For all the talk about high prices of the Canadian dollar, whatever the price of loonie might be, it will never be the right price…for one person or another. About five years ago, our dollar was trading at about $0.62 and everyone said it was priced too low. It took a while to rise from the ashes, but it was worth the ride. Not so long ago, the Canadian dollar traded at $1.10, and everyone said it was priced too high. Currently, the loonie has dipped below parity, but the proverbial “one person or another” still thinks it’s pushing into the nosebleed section.
But here’s the thing. Any country’s currency is always either above or below the level it “should” be at. In Canada’s current situation, when our loonie is trading lower, it’s bad news for consumers, importers and Canadian companies that might end up as targets of takeovers. Just don’t get caught up in the fallacy that if a currency is trading higher, it is good news. Because it isn’t! At the losing end this time around are manufacturers, exporters and Canadian firms, now unable to find buyers willing to pay top dollar (literally).

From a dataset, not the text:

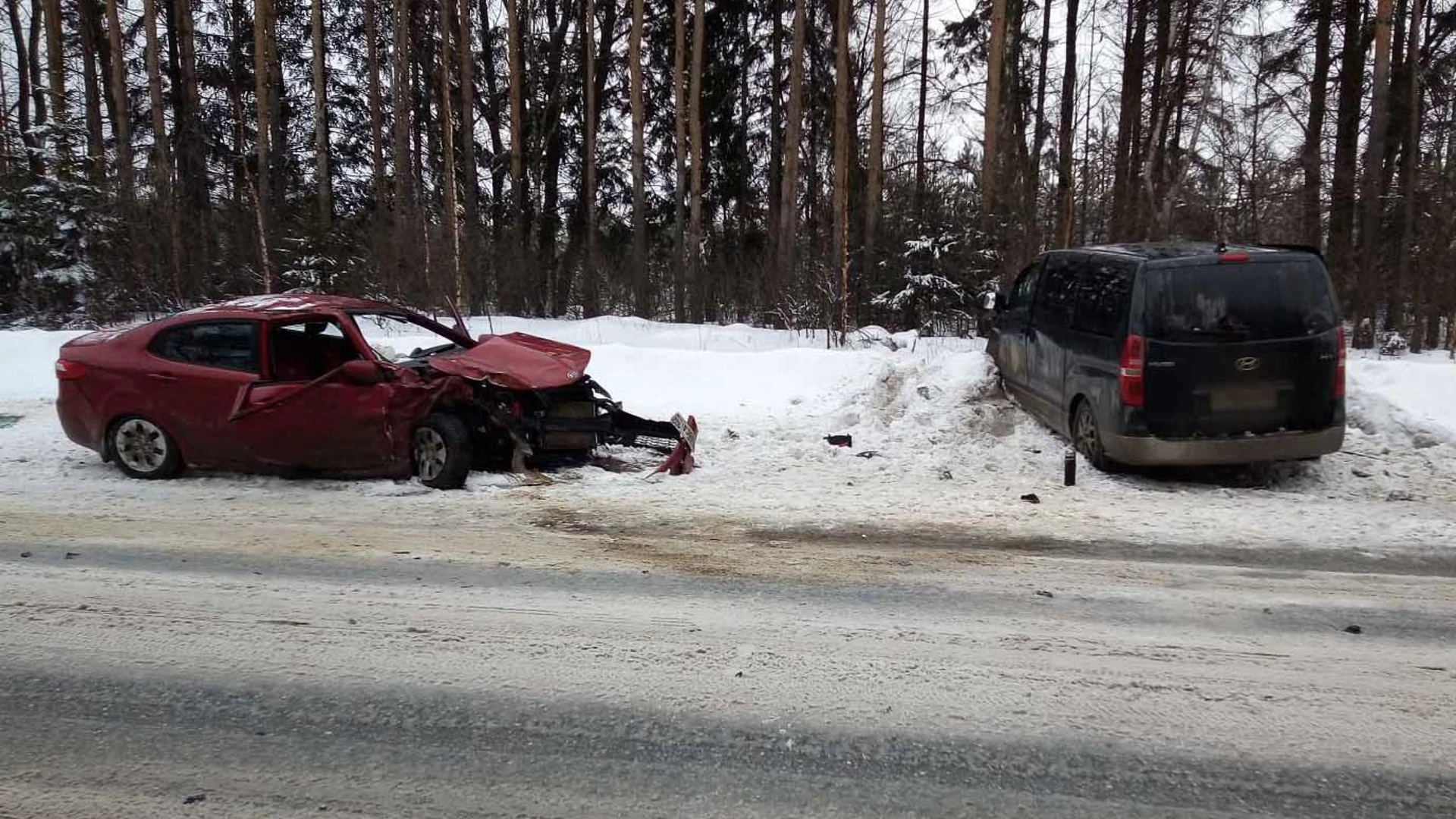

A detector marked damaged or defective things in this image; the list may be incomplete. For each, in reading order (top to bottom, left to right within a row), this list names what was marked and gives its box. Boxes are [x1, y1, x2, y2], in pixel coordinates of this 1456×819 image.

It seems that the loonie moves in mysterious ways. Well, perhaps not so mysterious, since all currencies appear more or less to bend to “Easterbrook’s Law,” which, according to the American journalist Gregg Easterbrook who apparently coined the phrase, states that “All economic news is bad.”
While the manufacturers and exporters are squealing that the dollar is too high and that the government’s intervention is needed, economists are saying that the dollar is what it is and where it has to be. Why “where it has to be?” Simply, Canada is a net exporter of oil and since oil prices are skyrocketing, why is everyone so surprised that our dollar is trading high as well? Now, let’s have a show of hands…who thinks oil is going to be trading at the “petro- dollars era” range of about $30.00 per barrel? Yes…thought so.
For some reason, manufacturers only acknowledge wage rates, the supply of skilled labor, productivity and raw material costs as relevant factors impacting their ability to compete. For some reason, they also believe that the dollar is something that parachuted onto Earth from outer space and can only be fixed if the government interferes(?).
Perhaps manufacturers should be sent back to Economics 101 class to learn that currencies, like all other assets, are predominantly defined and evaluated not based on “Easterbrook’s Law,” but based on the laws of supply and demand.
Also, if our loonie were not properly priced based on the underlying economic data and developments, there would be plenty of price anomalies. Because of the law of one price, the moment improper pricing occurs, arbitrageurs show up pursuing safe profit opportunities, thus pushing the price of the underlying assets closer to or back to their equilibrium.
So, while it may seem that our loony moves in mysterious ways, remember to do the only thing you can, which is to accept its price at its face value. This is because, in all likelihood, our dollar will not behave any differently, regardless of how much manufacturers might whine about it or complain about it to Ottawa.